Work to be completed :: Every line of the data, first to last, must be written out unchanged.

━━━ Data to use

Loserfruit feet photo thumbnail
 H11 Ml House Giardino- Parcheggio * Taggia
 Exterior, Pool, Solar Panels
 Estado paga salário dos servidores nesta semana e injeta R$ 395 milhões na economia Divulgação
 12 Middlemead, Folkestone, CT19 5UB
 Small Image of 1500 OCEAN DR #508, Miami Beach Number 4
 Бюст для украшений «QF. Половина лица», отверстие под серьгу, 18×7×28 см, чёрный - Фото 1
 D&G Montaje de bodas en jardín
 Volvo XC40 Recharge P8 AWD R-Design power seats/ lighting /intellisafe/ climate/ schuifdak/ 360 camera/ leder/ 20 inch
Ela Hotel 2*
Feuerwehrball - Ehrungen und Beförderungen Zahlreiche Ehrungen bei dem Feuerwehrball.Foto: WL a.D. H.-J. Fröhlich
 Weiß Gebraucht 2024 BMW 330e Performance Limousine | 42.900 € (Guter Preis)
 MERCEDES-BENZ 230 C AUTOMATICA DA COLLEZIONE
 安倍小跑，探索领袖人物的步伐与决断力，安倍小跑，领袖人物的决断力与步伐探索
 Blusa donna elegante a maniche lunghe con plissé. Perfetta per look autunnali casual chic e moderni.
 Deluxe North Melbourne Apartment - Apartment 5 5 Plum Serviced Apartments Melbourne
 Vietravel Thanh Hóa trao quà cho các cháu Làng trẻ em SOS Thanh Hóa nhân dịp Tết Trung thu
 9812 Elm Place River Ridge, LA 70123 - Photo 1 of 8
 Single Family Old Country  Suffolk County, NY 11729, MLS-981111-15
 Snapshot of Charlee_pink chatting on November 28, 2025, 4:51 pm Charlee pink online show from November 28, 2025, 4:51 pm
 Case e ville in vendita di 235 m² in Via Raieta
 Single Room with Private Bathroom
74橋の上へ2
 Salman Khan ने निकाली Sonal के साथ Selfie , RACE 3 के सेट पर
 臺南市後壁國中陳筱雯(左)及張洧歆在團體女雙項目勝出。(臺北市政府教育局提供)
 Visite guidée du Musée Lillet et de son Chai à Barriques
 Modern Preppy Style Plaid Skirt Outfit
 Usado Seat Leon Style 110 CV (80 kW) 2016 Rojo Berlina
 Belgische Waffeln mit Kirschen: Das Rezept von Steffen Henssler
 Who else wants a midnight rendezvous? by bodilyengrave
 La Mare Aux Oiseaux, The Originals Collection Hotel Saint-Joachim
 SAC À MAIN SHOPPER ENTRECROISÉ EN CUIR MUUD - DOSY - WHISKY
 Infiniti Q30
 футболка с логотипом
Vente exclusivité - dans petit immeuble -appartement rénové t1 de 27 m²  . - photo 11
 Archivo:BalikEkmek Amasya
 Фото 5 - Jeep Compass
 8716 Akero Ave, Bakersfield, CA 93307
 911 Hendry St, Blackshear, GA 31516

━━━━━━

Exercise answer ::
Loserfruit feet photo thumbnail
 H11 Ml House Giardino- Parcheggio * Taggia
 Exterior, Pool, Solar Panels
 Estado paga salário dos servidores nesta semana e injeta R$ 395 milhões na economia Divulgação
 12 Middlemead, Folkestone, CT19 5UB
 Small Image of 1500 OCEAN DR #508, Miami Beach Number 4
 Бюст для украшений «QF. Половина лица», отверстие под серьгу, 18×7×28 см, чёрный - Фото 1
 D&G Montaje de bodas en jardín
 Volvo XC40 Recharge P8 AWD R-Design power seats/ lighting /intellisafe/ climate/ schuifdak/ 360 camera/ leder/ 20 inch
Ela Hotel 2*
Feuerwehrball - Ehrungen und Beförderungen Zahlreiche Ehrungen bei dem Feuerwehrball.Foto: WL a.D. H.-J. Fröhlich
 Weiß Gebraucht 2024 BMW 330e Performance Limousine | 42.900 € (Guter Preis)
 MERCEDES-BENZ 230 C AUTOMATICA DA COLLEZIONE
 安倍小跑，探索领袖人物的步伐与决断力，安倍小跑，领袖人物的决断力与步伐探索
 Blusa donna elegante a maniche lunghe con plissé. Perfetta per look autunnali casual chic e moderni.
 Deluxe North Melbourne Apartment - Apartment 5 5 Plum Serviced Apartments Melbourne
 Vietravel Thanh Hóa trao quà cho các cháu Làng trẻ em SOS Thanh Hóa nhân dịp Tết Trung thu
 9812 Elm Place River Ridge, LA 70123 - Photo 1 of 8
 Single Family Old Country  Suffolk County, NY 11729, MLS-981111-15
 Snapshot of Charlee_pink chatting on November 28, 2025, 4:51 pm Charlee pink online show from November 28, 2025, 4:51 pm
 Case e ville in vendita di 235 m² in Via Raieta
 Single Room with Private Bathroom
74橋の上へ2
 Salman Khan ने निकाली Sonal के साथ Selfie , RACE 3 के सेट पर
 臺南市後壁國中陳筱雯(左)及張洧歆在團體女雙項目勝出。(臺北市政府教育局提供)
 Visite guidée du Musée Lillet et de son Chai à Barriques
 Modern Preppy Style Plaid Skirt Outfit
 Usado Seat Leon Style 110 CV (80 kW) 2016 Rojo Berlina
 Belgische Waffeln mit Kirschen: Das Rezept von Steffen Henssler
 Who else wants a midnight rendezvous? by bodilyengrave
 La Mare Aux Oiseaux, The Originals Collection Hotel Saint-Joachim
 SAC À MAIN SHOPPER ENTRECROISÉ EN CUIR MUUD - DOSY - WHISKY
 Infiniti Q30
 футболка с логотипом
Vente exclusivité - dans petit immeuble -appartement rénové t1 de 27 m²  . - photo 11
 Archivo:BalikEkmek Amasya
 Фото 5 - Jeep Compass
 8716 Akero Ave, Bakersfield, CA 93307
 911 Hendry St, Blackshear, GA 31516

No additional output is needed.